Enter Spanish exploitation filmmaker Juan Piquer Simón, who not only created his own superhero, but had no problem shamelessly ripping off SUPERMAN in the process.

Supersonic (the “Man” is only referenced in the film’s title, as if the inspiration wasn’t clear enough) is an alien traveling through space while in a state of hibernation. Why he requires what looks like an enormous battle cruiser for this purpose is never made clear. He is awakened by a supreme intelligence that tells him he must go to the planet Earth to save them from the nefarious Dr. Gulik (Cameron Mitchell).

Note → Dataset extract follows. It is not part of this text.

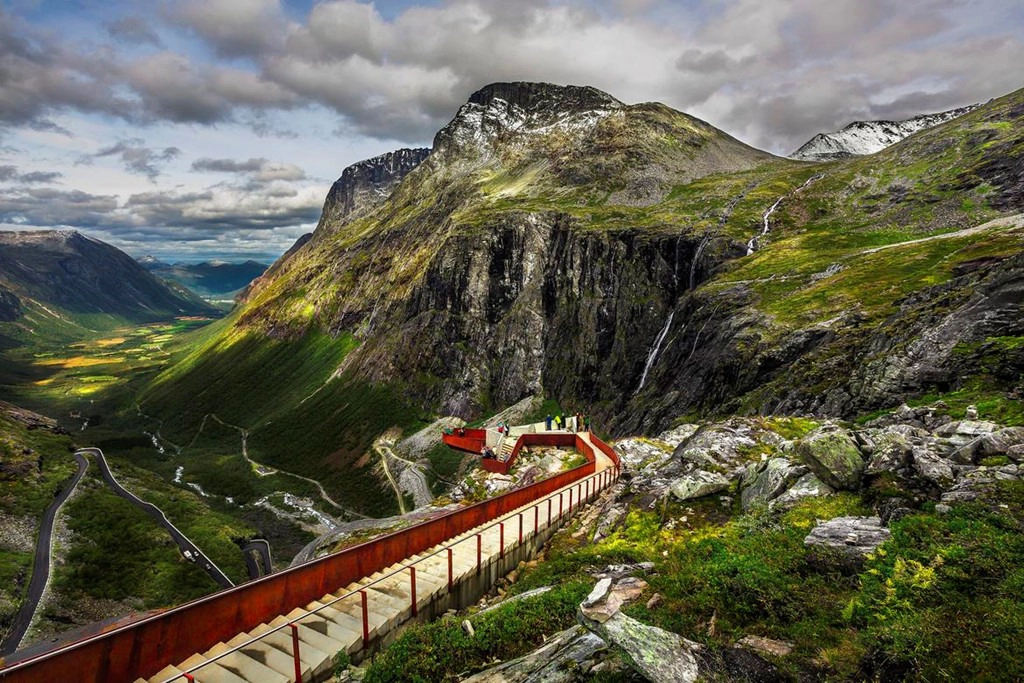 7. Đường đèo Trollstigen, Na Uy: Đoạn đường đèo Trollstigen là địa điểm chụp ảnh nổi tiếng của Na Uy. Du khách tới đây thường lựa chọn ngồi trên vách đá để chụp những bức ảnh lấy trọn vẹn thung lũng mênh mông phía dưới. Mới đây, sau khi một du khách người Litva tử vong đầu tháng 7 vì trượt ngã, cảnh sát địa phương đang cân nhắc khoanh vùng an toàn tại các điểm chụp nguy hiểm.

Gulik has used his SPECTRE-like army and a ridiculous tin can robot to steal important research and kidnap the well-meaning Professor Morgan (José María Caffarel). When Morgan will not agree to aid Gulik in his quest for world domination, the doctor tries to kidnap Morgan’s daughter, Patricia (Diana Polakov). Fortunately, Supersonic always seems to swoop in and thwart Gulik’s plans.

When not flying across the city or lifting cardboard bulldozers, Supersonic takes the secret identity of Paul (Antonio Cantafora, going by the Anglicized name Michael Colby), a mild-mannered, clumsy and quite smarmy bachelor who tries to romance Patricia. But if this is starting to sound a lot like SUPERMAN, don’t worry because they rip off STAR WARS too. In addition to Supersonic’s own private Star Destroyer seen at the beginning, Paul becomes Supersonic when he tweaks his wristwatch and utters the phrase, “May the Great Force of the Galaxy be with me.”

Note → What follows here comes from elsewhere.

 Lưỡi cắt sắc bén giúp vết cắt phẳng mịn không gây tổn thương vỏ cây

I don’t know if Simón knew he was making hilariously bad movies or if he was a man of noble intent who wound up being the Spanish equivalent to Edward D. Wood, Jr. Like Wood, Simón’s films always seemed to turn out cheesy, but you could never say they were boring. Simón is responsible for one of the goriest and silliest slasher movies of all time, PIECES and was also responsible for such howlers as SLUGS and MYSTERY ON MONSTER ISLAND. A couple of years after SUPERSONIC MAN, Simón would turn a monster-in-the-woods horror movie into a disturbing rip-off of E.T. called EXTRA TERRESTRIAL VISITORS, better known to fans of MYSTERY SCIENCE THEATER 3000 as POD PEOPLE.

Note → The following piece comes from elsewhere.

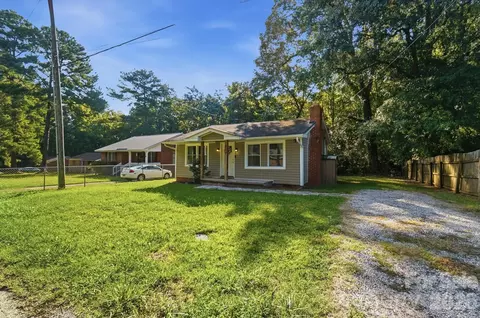 Exterior - 817 E Dunlap St, Lancaster, SC 29720 photo 11 of 11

SUPERSONIC MAN is about as cornball as comic book movies got without simply whipping out the “POW!” title cards with every punch. The film also cannot hide its European roots, though it takes place mainly in America. Paul is every Lothario from Eurocrime films and softcore comedies dropped headfirst into a whimsical science fiction adventure. There is also a tremendous amount of comic relief throughout, including some incredibly dated and unfunny bits with a town drunk.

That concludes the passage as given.